Go to www.browning.com on the home page there is an area to find the serial numbers to match with the year your gun was made.


----------



## M1Garandfather (Mar 23, 2008)

Hi Karl....I know your post is years old but what the heck , thought I'd write anyways and reply... Since I am a Auto-5 lover as well , I have some info for you... You Browning was made in 1932.

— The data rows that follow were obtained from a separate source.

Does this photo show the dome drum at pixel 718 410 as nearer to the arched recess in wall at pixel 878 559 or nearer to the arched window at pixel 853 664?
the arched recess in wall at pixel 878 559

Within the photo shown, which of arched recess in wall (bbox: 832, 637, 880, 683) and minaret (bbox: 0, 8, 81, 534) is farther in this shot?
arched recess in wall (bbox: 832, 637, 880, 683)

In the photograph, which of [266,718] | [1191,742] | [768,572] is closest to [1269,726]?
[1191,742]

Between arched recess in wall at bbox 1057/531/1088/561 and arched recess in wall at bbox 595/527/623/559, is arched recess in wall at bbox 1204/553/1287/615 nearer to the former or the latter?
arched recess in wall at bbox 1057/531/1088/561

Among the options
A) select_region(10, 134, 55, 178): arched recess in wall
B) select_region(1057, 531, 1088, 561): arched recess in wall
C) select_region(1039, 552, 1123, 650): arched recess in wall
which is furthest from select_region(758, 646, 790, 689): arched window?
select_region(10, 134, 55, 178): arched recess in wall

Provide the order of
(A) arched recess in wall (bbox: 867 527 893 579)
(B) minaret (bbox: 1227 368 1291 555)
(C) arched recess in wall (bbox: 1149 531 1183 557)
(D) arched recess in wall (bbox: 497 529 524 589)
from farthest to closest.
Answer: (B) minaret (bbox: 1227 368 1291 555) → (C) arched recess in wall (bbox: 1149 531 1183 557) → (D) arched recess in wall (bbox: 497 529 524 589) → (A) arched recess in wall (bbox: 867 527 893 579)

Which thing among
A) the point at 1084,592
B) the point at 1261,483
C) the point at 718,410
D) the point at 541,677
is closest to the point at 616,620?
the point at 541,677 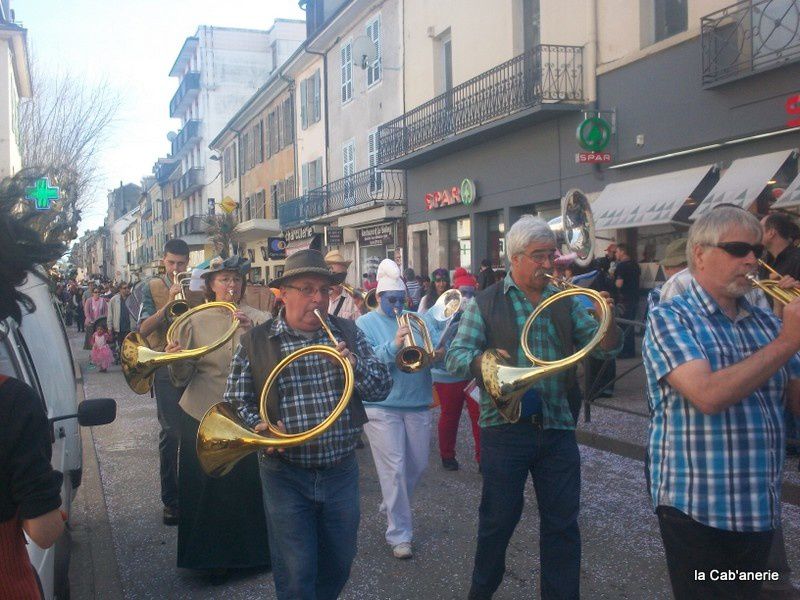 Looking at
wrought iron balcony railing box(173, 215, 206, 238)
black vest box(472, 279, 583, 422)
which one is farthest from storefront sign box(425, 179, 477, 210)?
wrought iron balcony railing box(173, 215, 206, 238)

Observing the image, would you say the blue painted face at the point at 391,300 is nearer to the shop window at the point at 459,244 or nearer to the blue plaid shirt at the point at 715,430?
the blue plaid shirt at the point at 715,430

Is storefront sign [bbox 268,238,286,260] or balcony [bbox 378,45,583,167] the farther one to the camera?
storefront sign [bbox 268,238,286,260]

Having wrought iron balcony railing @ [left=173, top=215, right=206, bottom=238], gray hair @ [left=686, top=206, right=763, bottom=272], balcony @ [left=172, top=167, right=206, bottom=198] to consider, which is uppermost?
balcony @ [left=172, top=167, right=206, bottom=198]

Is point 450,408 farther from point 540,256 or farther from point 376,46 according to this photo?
point 376,46

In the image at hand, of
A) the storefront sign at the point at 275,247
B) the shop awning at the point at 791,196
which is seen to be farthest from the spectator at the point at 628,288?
the storefront sign at the point at 275,247

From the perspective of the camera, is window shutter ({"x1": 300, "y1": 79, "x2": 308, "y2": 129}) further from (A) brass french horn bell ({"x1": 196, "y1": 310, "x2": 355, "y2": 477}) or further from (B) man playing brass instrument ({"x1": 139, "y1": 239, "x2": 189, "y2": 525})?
(A) brass french horn bell ({"x1": 196, "y1": 310, "x2": 355, "y2": 477})

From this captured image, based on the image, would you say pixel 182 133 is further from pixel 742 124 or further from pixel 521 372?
pixel 521 372

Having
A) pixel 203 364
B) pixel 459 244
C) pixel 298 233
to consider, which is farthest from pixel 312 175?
pixel 203 364

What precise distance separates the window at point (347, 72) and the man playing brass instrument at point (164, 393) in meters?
21.0

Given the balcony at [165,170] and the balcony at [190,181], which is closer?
the balcony at [190,181]

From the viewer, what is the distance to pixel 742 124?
11.6 meters

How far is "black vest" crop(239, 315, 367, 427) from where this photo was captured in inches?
134

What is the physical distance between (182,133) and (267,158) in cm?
2039

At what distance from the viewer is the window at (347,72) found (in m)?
26.0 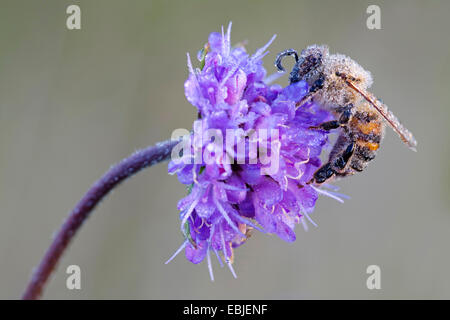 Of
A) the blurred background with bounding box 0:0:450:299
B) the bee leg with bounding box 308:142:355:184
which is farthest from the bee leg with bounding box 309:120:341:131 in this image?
the blurred background with bounding box 0:0:450:299

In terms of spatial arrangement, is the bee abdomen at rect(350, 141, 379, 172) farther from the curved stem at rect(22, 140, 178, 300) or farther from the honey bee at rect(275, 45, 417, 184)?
the curved stem at rect(22, 140, 178, 300)

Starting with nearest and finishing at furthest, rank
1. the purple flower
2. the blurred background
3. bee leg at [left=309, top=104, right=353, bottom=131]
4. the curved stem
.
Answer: the purple flower
bee leg at [left=309, top=104, right=353, bottom=131]
the curved stem
the blurred background

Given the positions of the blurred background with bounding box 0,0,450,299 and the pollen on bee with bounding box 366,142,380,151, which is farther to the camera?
the blurred background with bounding box 0,0,450,299

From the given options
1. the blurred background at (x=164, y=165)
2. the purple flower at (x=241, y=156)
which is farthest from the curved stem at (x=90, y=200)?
the blurred background at (x=164, y=165)

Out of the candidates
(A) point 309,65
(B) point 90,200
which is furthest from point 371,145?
(B) point 90,200

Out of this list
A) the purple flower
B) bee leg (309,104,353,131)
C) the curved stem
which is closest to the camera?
the purple flower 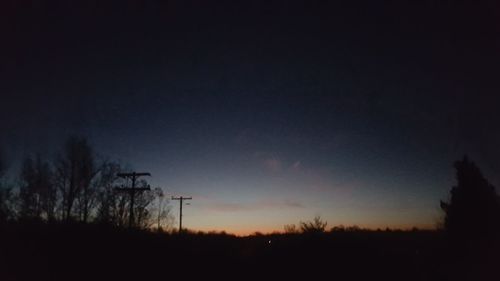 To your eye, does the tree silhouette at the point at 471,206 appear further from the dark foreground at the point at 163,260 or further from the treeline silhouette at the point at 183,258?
the dark foreground at the point at 163,260

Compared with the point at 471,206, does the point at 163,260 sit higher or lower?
lower

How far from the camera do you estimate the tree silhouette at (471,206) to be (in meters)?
32.4

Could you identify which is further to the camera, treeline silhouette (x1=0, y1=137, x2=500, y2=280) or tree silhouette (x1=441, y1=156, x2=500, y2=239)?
tree silhouette (x1=441, y1=156, x2=500, y2=239)

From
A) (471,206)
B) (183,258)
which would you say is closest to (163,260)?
(183,258)

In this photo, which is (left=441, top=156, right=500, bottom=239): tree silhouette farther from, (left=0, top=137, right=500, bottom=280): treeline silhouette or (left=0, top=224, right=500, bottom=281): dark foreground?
(left=0, top=224, right=500, bottom=281): dark foreground

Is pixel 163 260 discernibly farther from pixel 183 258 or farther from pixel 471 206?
pixel 471 206

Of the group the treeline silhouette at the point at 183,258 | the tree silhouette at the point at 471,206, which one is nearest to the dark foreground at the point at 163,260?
the treeline silhouette at the point at 183,258

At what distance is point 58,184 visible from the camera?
142ft

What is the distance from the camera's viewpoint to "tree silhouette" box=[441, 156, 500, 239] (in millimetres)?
32375

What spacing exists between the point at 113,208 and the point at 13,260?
30.7 meters

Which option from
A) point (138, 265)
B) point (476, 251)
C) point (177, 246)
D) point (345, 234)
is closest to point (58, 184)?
point (177, 246)

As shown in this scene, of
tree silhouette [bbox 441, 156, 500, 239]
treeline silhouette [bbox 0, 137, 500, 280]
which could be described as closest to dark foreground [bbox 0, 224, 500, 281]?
treeline silhouette [bbox 0, 137, 500, 280]

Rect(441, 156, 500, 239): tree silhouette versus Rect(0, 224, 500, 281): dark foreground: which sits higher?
Rect(441, 156, 500, 239): tree silhouette

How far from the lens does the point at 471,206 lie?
3397cm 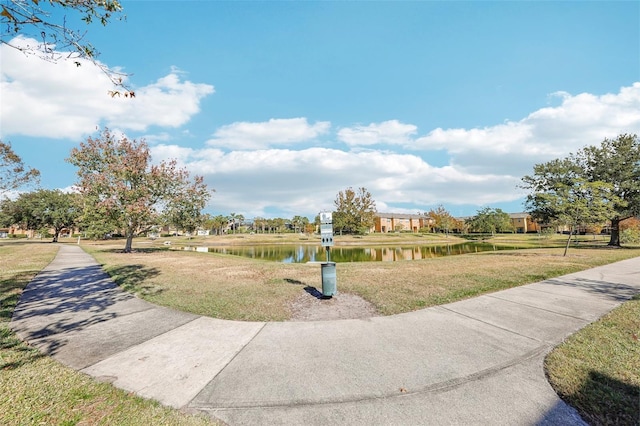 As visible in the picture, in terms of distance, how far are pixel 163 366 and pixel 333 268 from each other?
442cm

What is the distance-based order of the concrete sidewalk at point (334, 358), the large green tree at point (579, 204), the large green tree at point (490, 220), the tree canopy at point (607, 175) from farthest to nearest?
the large green tree at point (490, 220)
the tree canopy at point (607, 175)
the large green tree at point (579, 204)
the concrete sidewalk at point (334, 358)

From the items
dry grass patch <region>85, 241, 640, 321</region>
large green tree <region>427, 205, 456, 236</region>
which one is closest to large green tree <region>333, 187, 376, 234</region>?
large green tree <region>427, 205, 456, 236</region>

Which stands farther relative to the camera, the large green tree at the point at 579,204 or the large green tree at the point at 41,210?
the large green tree at the point at 41,210

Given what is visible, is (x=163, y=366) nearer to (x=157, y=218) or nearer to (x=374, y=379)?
(x=374, y=379)

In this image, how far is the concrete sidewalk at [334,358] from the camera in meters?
2.88

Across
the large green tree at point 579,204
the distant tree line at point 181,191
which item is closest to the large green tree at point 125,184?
the distant tree line at point 181,191

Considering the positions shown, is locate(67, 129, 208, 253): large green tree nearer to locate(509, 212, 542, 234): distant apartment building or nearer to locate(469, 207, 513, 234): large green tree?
locate(469, 207, 513, 234): large green tree

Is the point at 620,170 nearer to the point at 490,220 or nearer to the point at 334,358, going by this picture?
the point at 334,358

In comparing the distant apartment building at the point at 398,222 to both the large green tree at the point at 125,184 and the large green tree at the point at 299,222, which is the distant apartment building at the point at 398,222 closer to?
the large green tree at the point at 299,222

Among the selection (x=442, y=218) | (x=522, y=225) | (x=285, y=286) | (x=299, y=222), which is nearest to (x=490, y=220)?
(x=442, y=218)

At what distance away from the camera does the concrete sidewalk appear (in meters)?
2.88

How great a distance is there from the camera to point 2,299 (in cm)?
700

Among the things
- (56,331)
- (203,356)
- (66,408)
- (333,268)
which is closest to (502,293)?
(333,268)

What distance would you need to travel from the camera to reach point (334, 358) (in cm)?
394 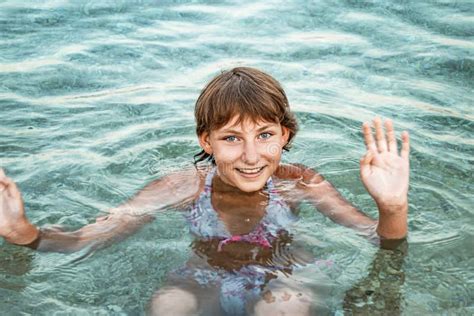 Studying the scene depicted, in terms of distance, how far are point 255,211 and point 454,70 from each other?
361cm

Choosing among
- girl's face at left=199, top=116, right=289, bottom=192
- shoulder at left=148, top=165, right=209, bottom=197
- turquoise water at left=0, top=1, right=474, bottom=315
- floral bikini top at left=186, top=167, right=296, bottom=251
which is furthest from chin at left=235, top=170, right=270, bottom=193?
turquoise water at left=0, top=1, right=474, bottom=315

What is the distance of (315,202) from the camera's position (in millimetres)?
4082

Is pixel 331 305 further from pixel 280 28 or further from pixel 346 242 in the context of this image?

If anyone needs date info , just PM me and I'll try and find out for you.

All the best ,

Bob


----------



## Constantine (Feb 17, 2009)

M1Garandfather said:


> Hi Karl....I know your post is years old but what the heck , thought I'd write anyways and reply... Since I am a Auto-5 lover as well , I have some info for you... You Browning was made in 1932.
> 
> If anyone needs date info , just PM me and I'll try and find out for you.
> 
> ...


Hello Bob,

Probably you could help me too. My Brouning Auto-5, made by FN, Liege inspection stamps, bears number 128823, caliber is 16-65. Have you any idea about the year it was released?


----------



## Ron Gilmore (Jan 7, 2003)

1932 year of Mfg 123001 Start 138000 Stop


----------



## snow (Dec 7, 2007)

Hmmm,my babies have dates stamped right at the magizine feeder tube.


----------